Desfavorecidas neste meio, as mulheres ainda encontram resistência em diversos estilos de jogos. Os games que conectam pessoas de diferentes localizações no mesmo ambiente virtual, por exemplo, costumam ser tóxicos. Uma pesquisa realizada pela Universidade Estadual de Ohio questionou 293 garotas que jogavam em média 22 horas semanais sobre o assunto e 100% das entrevistadas confirmaram que já haviam sofrido assédio em jogos online.
Por relatos, é possível constatar que é comum que mulheres recebam propostas sexuais, xingamentos ou ainda alusões ao estupro durante as jogatinas. Comentários machistas como “vai lavar a louça” e “volta para a cozinha” também são utilizados para agredir psicologicamente as jogadoras. Por esse motivo, grande parte do público feminino abandona os jogos online.

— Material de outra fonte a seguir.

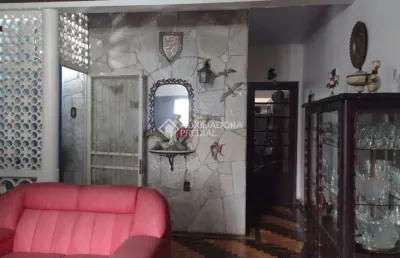 Casa com 4 quartos à venda na rua olavo bilac, 562, azenha, porto alegre, 300 m2 por r$ 850.000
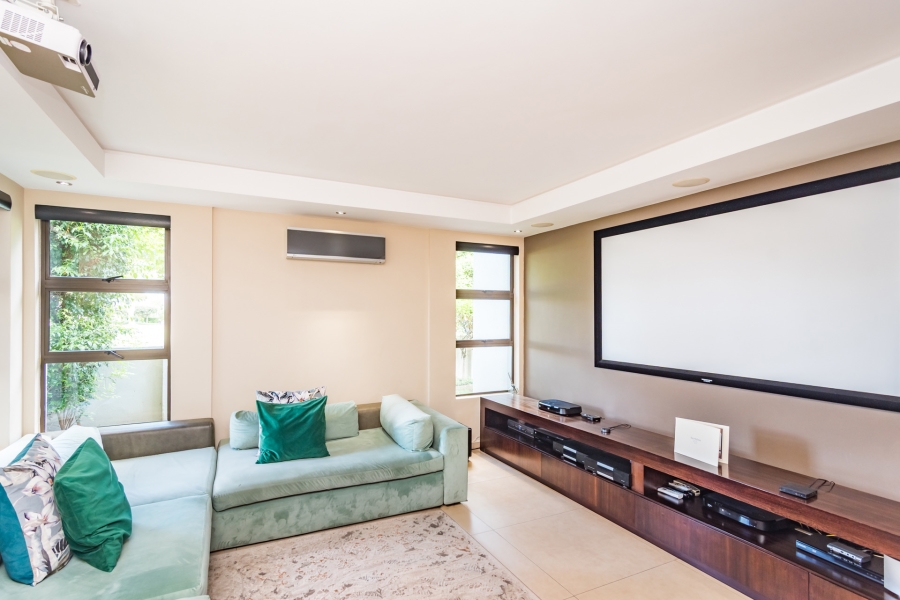 5 Bedroom Property for Sale in Hartebeesfontien AH North West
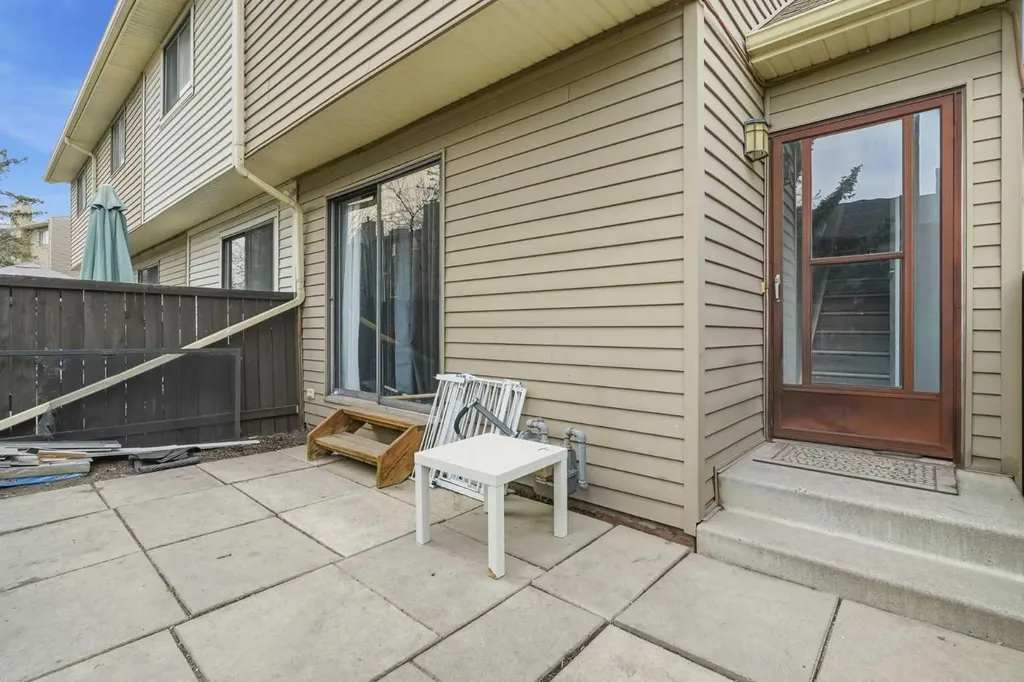 2519 38 Street NE Calgary AB T1Y 4W8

Há ainda um problema estrutural presente nos próprios jogos, não necessariamente relacionado ao comportamento dos jogadores. A possibilidade de possuir qualquer identidade e assumir diversas funções pode ser um dos maiores atrativos do mundo dos games, mas quando se trata de personagens para o público feminino, a variedade ainda deixa a desejar.

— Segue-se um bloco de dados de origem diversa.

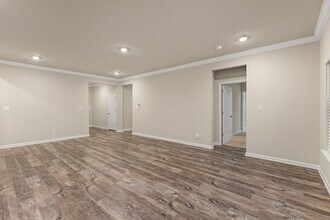 300 Dinner Tree Sq in Huntsville, AL - Building Photo - Building Photo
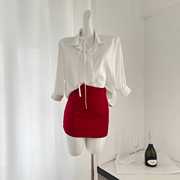2024夏季套装女白色五分袖飘带衬衫搭配红色高腰拉链半身短裙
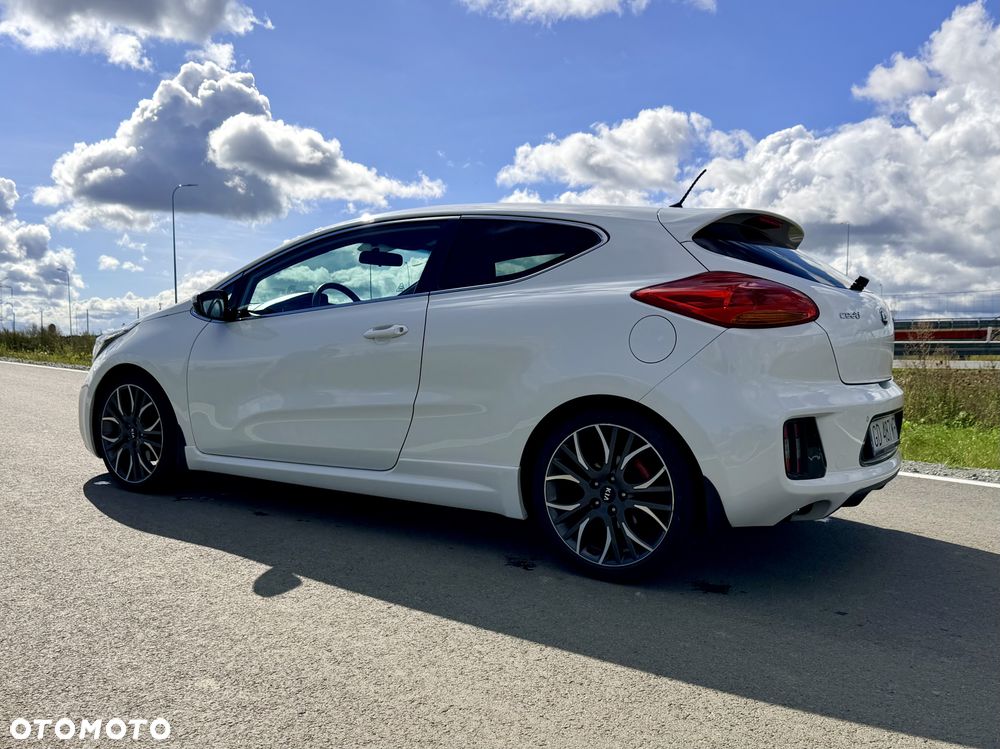 Kia Ceed 1.6 T-GDI GT L - 4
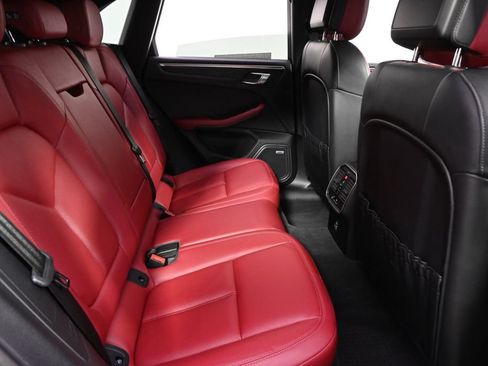 Used 2022 Porsche Macan GTS AWD/4WD image 18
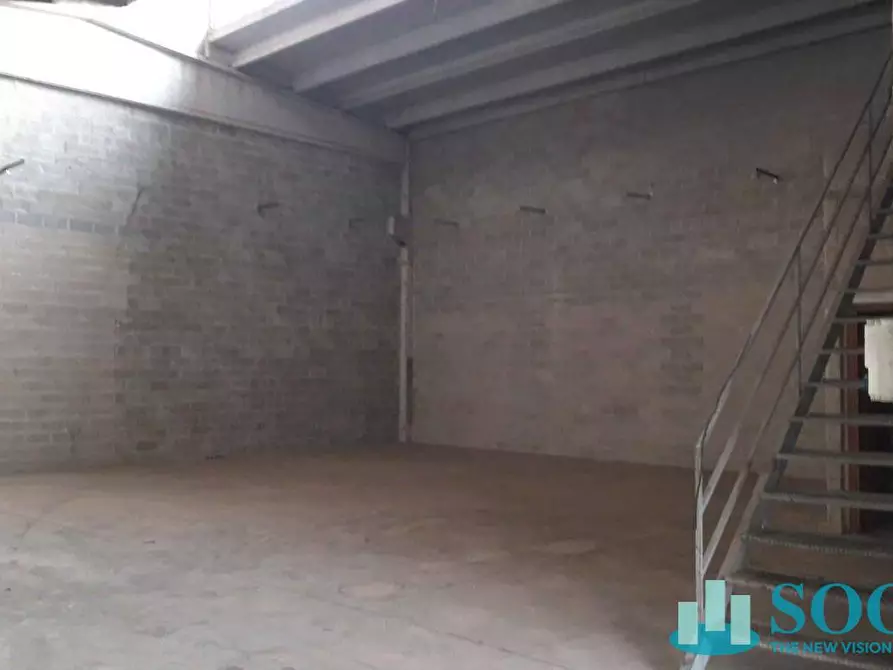 Immagine 10 di Capannone industriale in vendita  in Via Giancarlo Puecher a Pozzuolo Martesana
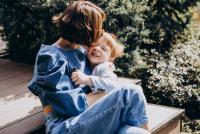 Cum să-ți faci copilul să te asculte: sfaturi de la experți în parenting / foto: freepik.com@senivpetro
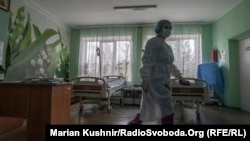 Минулої доби шпиталізували 3 305 людей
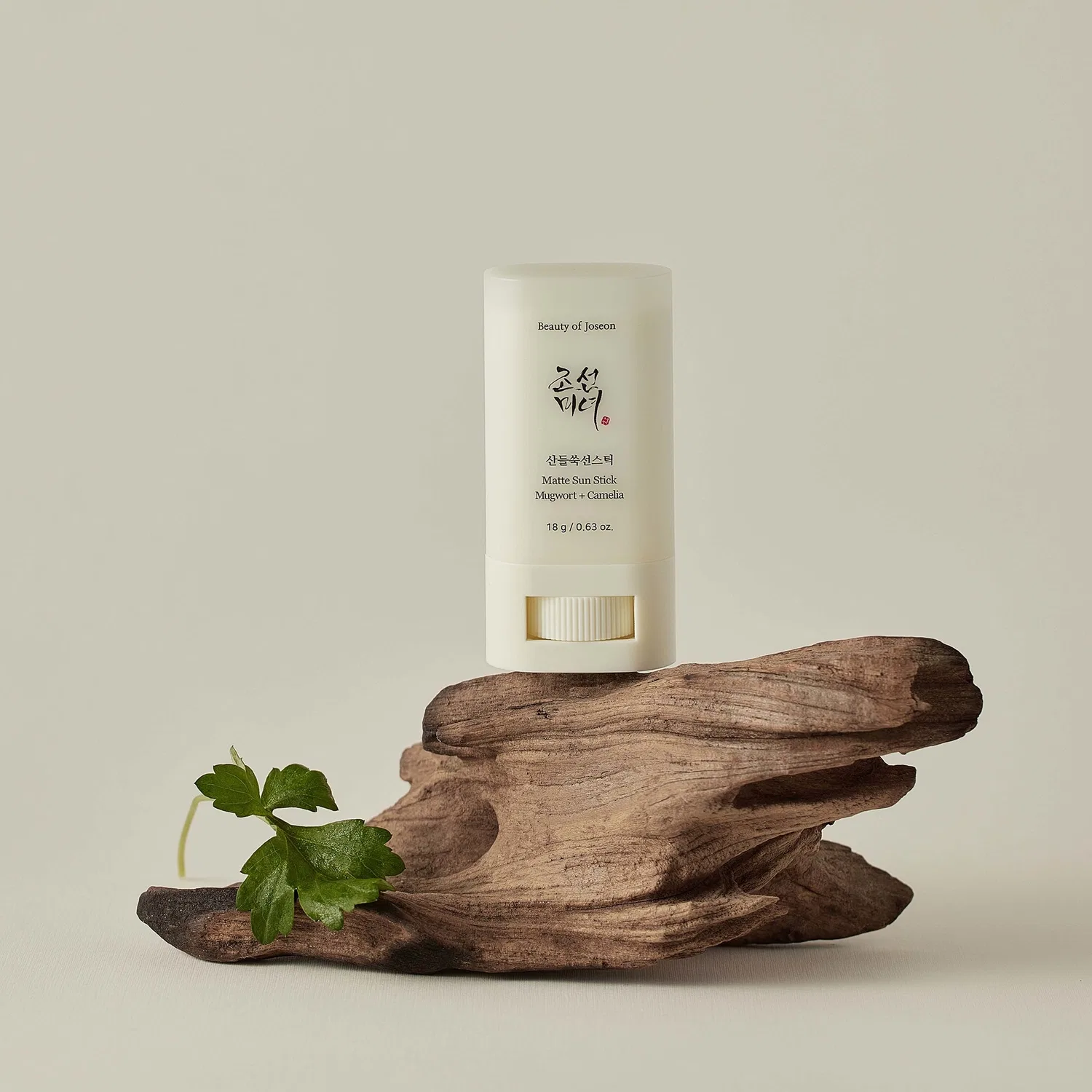 Матовый солнцезащитный стик полынь + камилия spf50+ 18г Beauty Of Joseon — фото 3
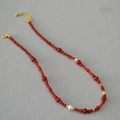 Collana retrò con agata rossa, occhio di tigre, perle e distanziatori dorati lucidi - Stile Agata Rossa Collana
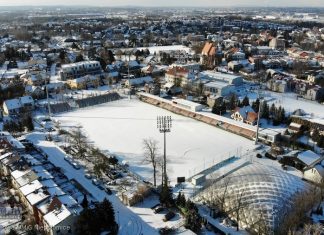 Modernizacja stadionu Puszczy Niepołomice: wieże telewizyjne i remont trybun w toku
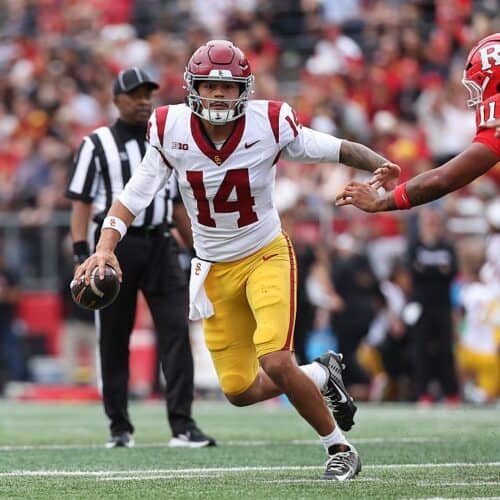 Can Jayden Maiava and the USC offense score enough to keep up with Oregon?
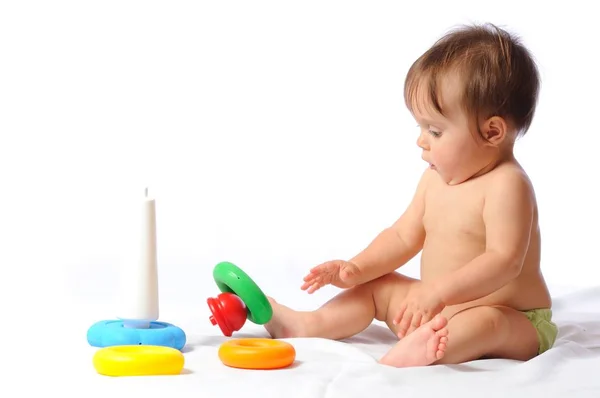 Överraskad rolig baby leka med leksak — Stockfoto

Representadas por estereótipos de corpo, etnia e personalidade, as mulheres dos jogos se dividem entre a heroína forte e extremamente sexualizada ou a ingênua e indefesa mocinha. Boa parte das personagens mulheres aparecem vestindo roupas curtas e justas em um corpo magro, com seios e nádegas avantajados – o mesmo estereótipo de beleza que é reproduzido na sociedade não virtual. Sem opções, muitas meninas que jogam não se sentem representadas por essas imagens.
O cenário começou a mudar
Com o nítido crescimento da participação feminina no mundo gamer, o cenário tem potencial para mudar e se tornar mais inclusivo. O número de mulheres que se definem como PC Gamers nunca foi tão grande, e a participação delas também tem crescido no mercado profissional, nas competições de eSports e também de forma mais amadora, através de streamings. Bibi Tatto, Malena e Cherryrar são exemplos de YouTubers famosas no segmento.
Os games também têm mudado suas propostas de conteúdo e contribuído para a disseminação da igualdade de gênero. Existem inúmeros exemplos de jogos que alteraram significativamente o visual das personagens a fim de criar representações mais fidedignas.
Os trajes apelativos, por exemplo, estão cedendo espaço para novas heroínas cheias de poder e energia. A tendência é que as empresas continuem ouvindo esse público ao tomar decisões estratégicas sobre seus produtos e sigam auxiliando a mudança dos discursos de segregação, que excluem a perspectiva feminina da indústria.
Para quem vende ou desenvolve games e equipamentos relacionados a esse mercado, a inclusão das mulheres não poderia representar uma notícia melhor. As garotas estão à procura de novos jogos e, por consequência, de hardware mais poderoso que maximize suas experiências como jogadoras.